Ahh, summer vacation. Toes in the sand. Sun on skin. Lazy days by the lake. Idle trips to cultural attractions. Hikes reaching breath-taking views. Yummy dinners. Great company. Good times. Everyone looks forward to vacation, whether it's a big one that has been dreamed about for years, or a quick get-away to escape an otherwise hectic life. For anyone with a family (that means EVERYONE), however, vacation is an oxymoron. I've written before about my 2 month summer work hiatus with the kids, and Andy's assertion that my time not at work is my "bon-bon" summer. Well, this summer, I am a part-time working girl so my bon-bons are limited to long weekends and the big cake was a 4 day adventure along the New England coast.
I knew that giving up the lazy days of summer, mornings in pjs, coffee on the deck would be hard so, of course, the 4 day family adventure had to be the best trip ever, or else. I mapped it all out weeks in advance. I checked the weather daily, plotting our itinerary to align with the sun and clouds. I got the oil changed in the car, packed the bags, made snacks, filled water bottles, and waited...and waited for Andy. As a planner, I had it all mapped out. We had a 6.5 hour drive, not including food and potty stops. We would leave in the early evening, get more than half way there so that the next day we could wake up early and get to our destination, aka the beach, before Noon. Well, 11 o'clock. Exactly. That was the plan. The plan in my head. The plan of my dreams.
Andy arrived home that evening LATE. He puttered around, shuffling papers, moving junk around in his office, checking email, and we left an hour and a half later than I'd planned. Which, I should have known better because Andy runs one and a half hours late on average. We got less than half way to our destination, very late. Everyone was tired and cranky. Me, being the rigid gal that I am, was the crankiest of all. My panties were in a bunch about the trip before we'd even left. By the time we reached the hotel, those panties were a wedgie.

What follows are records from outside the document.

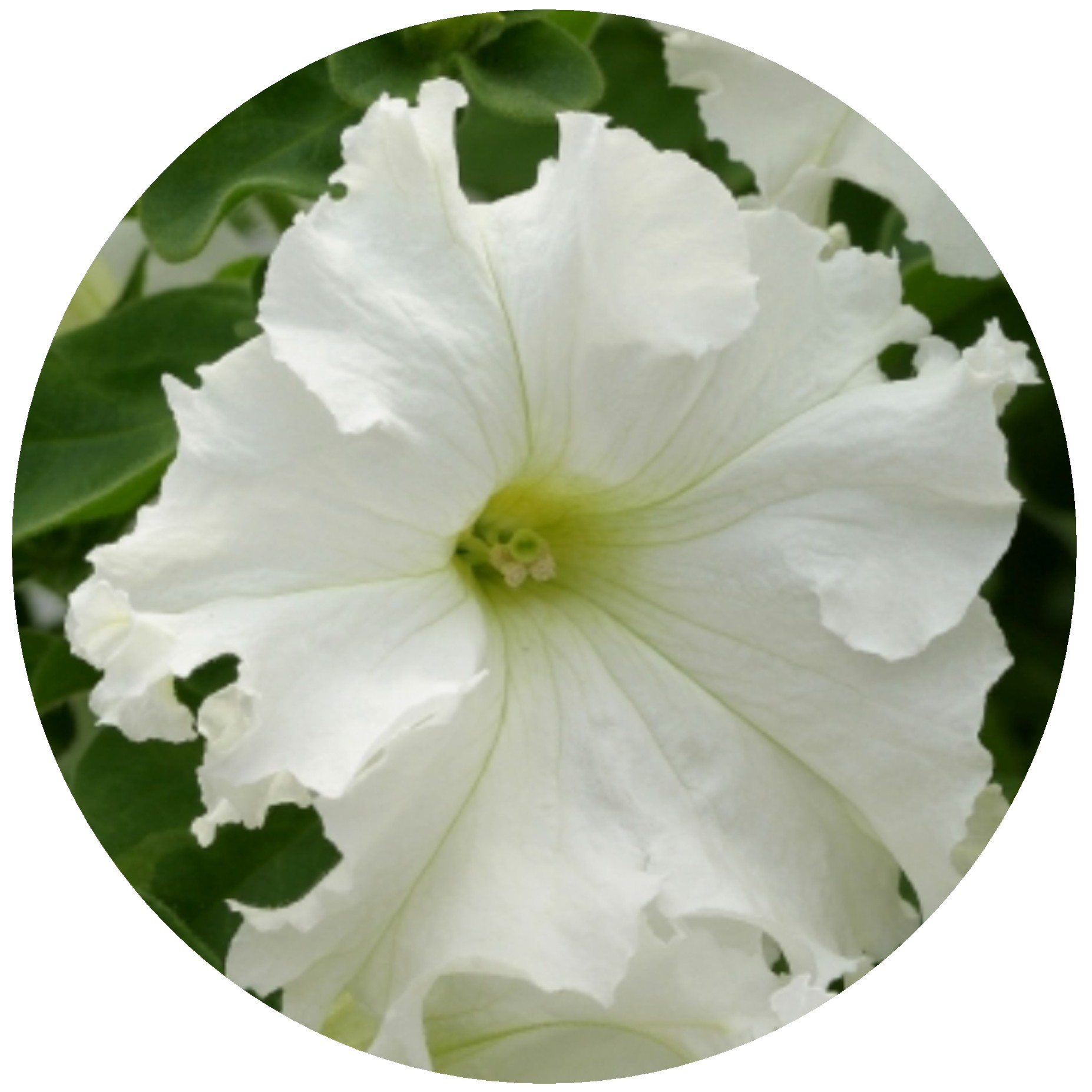 Petunia frillytunia white oval.JPG -  by Cassandra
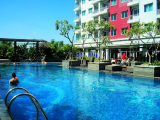 soloparagon soloparagon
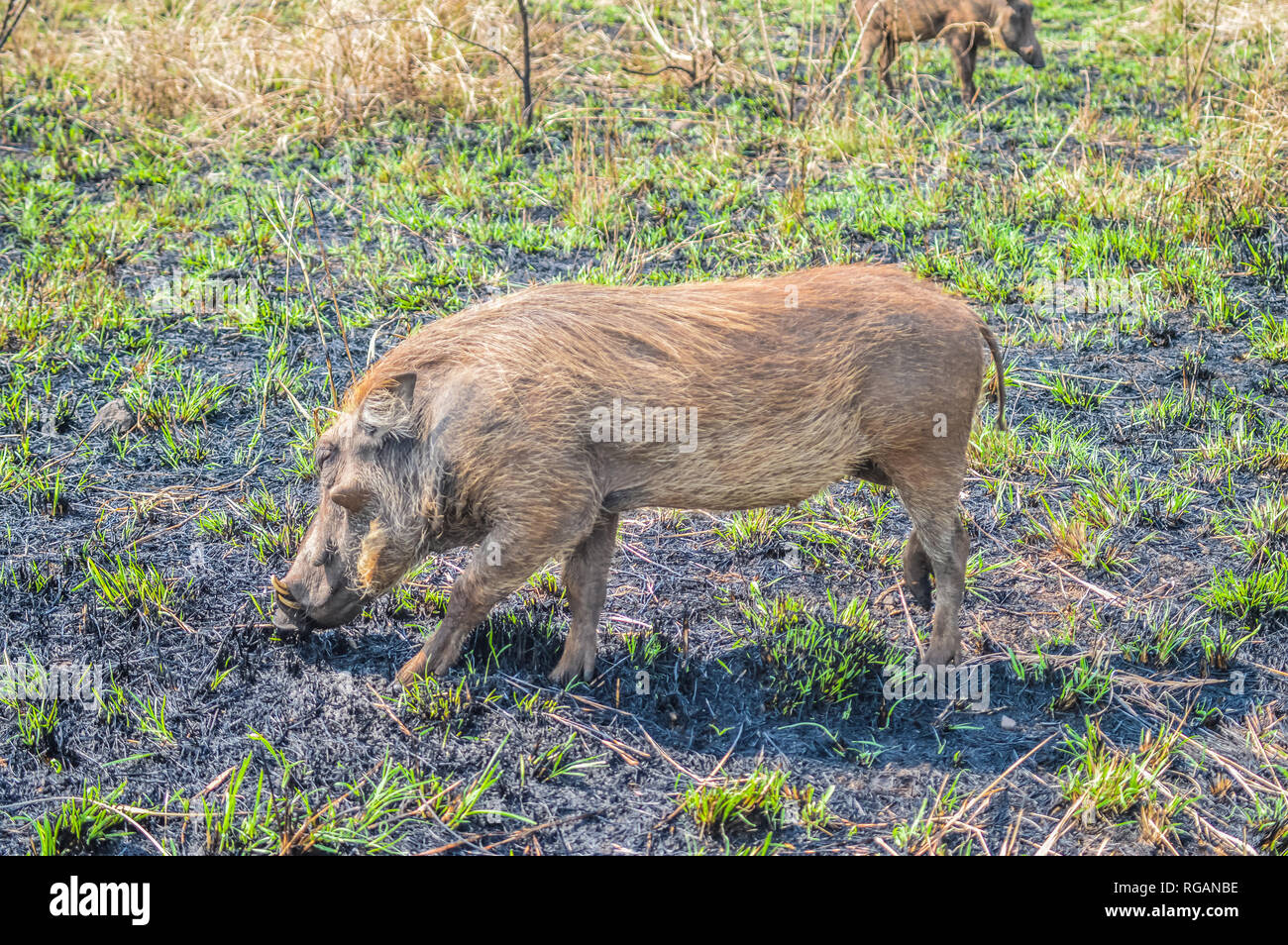 Ritratto di un simpatico Warthog comune o Phacochoerus africanus in una riserva naturale Foto Stock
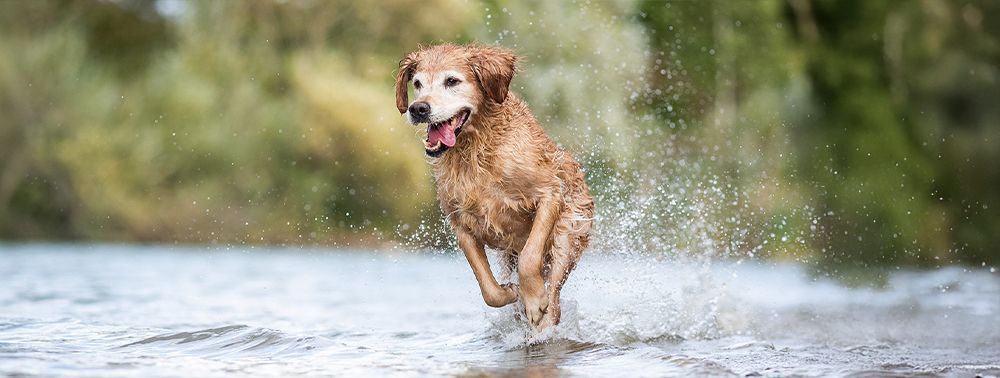 Das Körpermilieu: Ein wahrer Jungbrunnen!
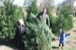 resIMG_20121124_3817.JPG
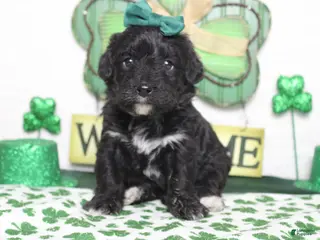 Mixed Breed dogs Precious - Ad 24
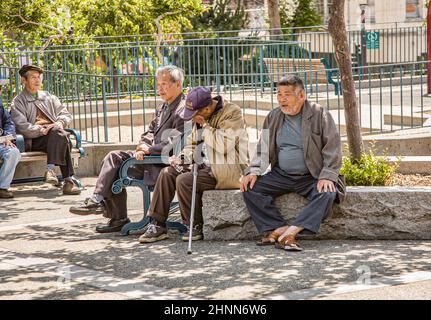 chinesische Männer ruhen sich mittags in einem Park in Chinatown, San Francisco, aus. Chinatown in San Francisco ist das größte Chinatown außerhalb Asiens Stockfoto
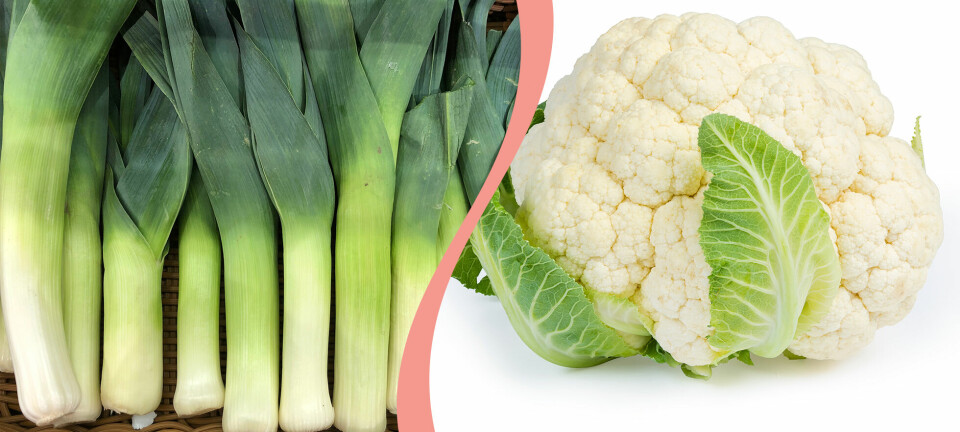 Maten som fortfarande är billig – tre goda recept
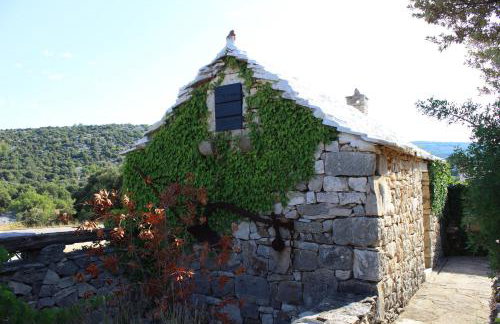 Country House Hacienda - Photo 43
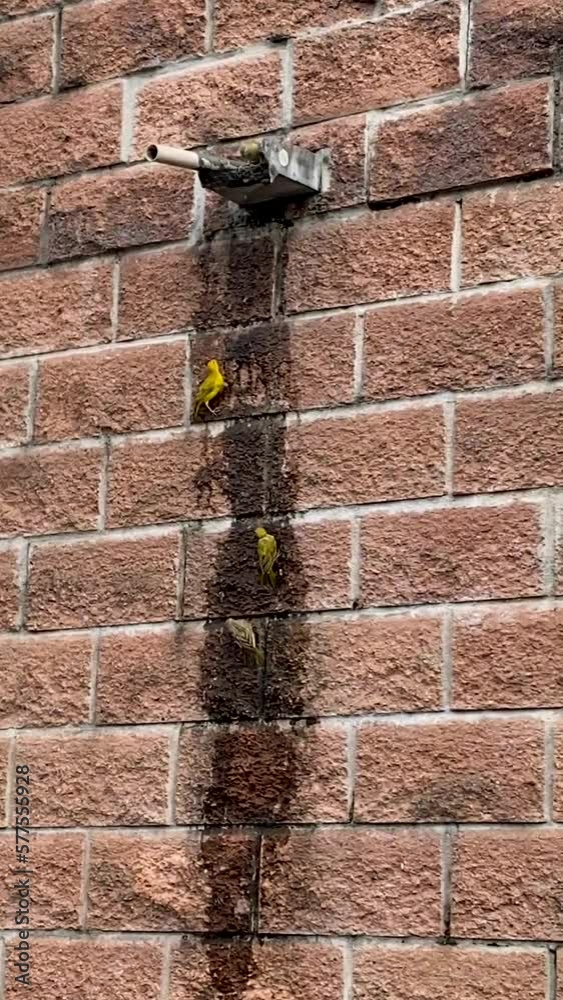 pájaros amarillos tomando agua de una tubería en la pared de ladrillo mientras vuelan.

Vacation wrecker 1: traveling with people who have different ideas about schedules and timing.
Of course, we started the next morning with marital bickering. My inability to go with the flow was already wreaking havoc on my perfect summer family vacation. I have this very odd magnetic draw to bodies of water and could feel the panic setting in that we weren't going to get in enough beach time on the only day of the vacation not forecasted to rain or shower(per my hourly checking of weather.com). When Andy asked me why I felt the need to get to our destination by 11 am on the dot, I told him of my desire to get in beach time.
To which he replied, "The beach? We're going to the beach? Is this place near the ocean?"
Vacation wrecker 2: Traveling with people who don't have the same relaxation goals as you. (Nor have an understanding of geography.)
Andy's goals for the NE coastline were fireworks purchases and trips to the state liquor store. Mine were toes in sand, sun on skin, at the beach. He didn't bring a swimsuit and the only firework explosions happening were between the two of us.
Did I mention the kids were with us? They were. So, while we were bickering about the beach and fireworks, the girls were having their own argument in the back seat. Between telling Andy that he was to come to the beach, regardless of his attire, I was shouting, "Hands to yourself! Feet to yourself!" every five minutes. Drinks were spilled. Tears were spilled. Ipads fell out of reach. My dream vacation fell out of reach.
And we hadn't even reached our destination yet.
Vacation wrecker 3: kids.
I don't need to go into detail about the rest of the trip. As are all things in my life with Andy and kids, it was a bizarre mix of being really fun and really horrible and stressful. I loved seeing friends and family. We went to the beach, we ate ice cream, we went for a walk, the girls scootered, Andy got to go to the state liquor store and outlet shopping, and during the wee hours of the morning and darkness of night, we had good conversation with people we haven't seen in a long time. Yet, traveling with your family is not relaxing and that's the crazy expectation I have for vacations. I need them to be relaxing. I need them to be perfect. This must happen for my sanity and well-being. But it didn't happen, so by the end of day 4, I was looking forward to going home, being in our own beds, and getting back to a routine that helped me manage the kids' behavior and Andy's inability to be on time for anything (my trick: we drive separately to everything, go fossil fuel consumption!)I needed to get back to my imperfect life and forget my imperfect vacation.
It's silly to think that vacation would be perfect but it's a dream and a hope. It gets me through the hard days, the chaos of the working week. I long for those lazy summer vacations, even if I've never really had one. I'm sure most of us have the same unrealistic goals for vacation and have had similar experiences to the one I have just highlighted. To help us all, here are my quick tips for having the relaxing vacation of your dreams.
1. Lower your expectations.
2. Keep it simple.
3. Go alone.
There you have it! The three simple things you can do to prevent not crying in public at your favorite tourist destination and to have your very own perfect vacation.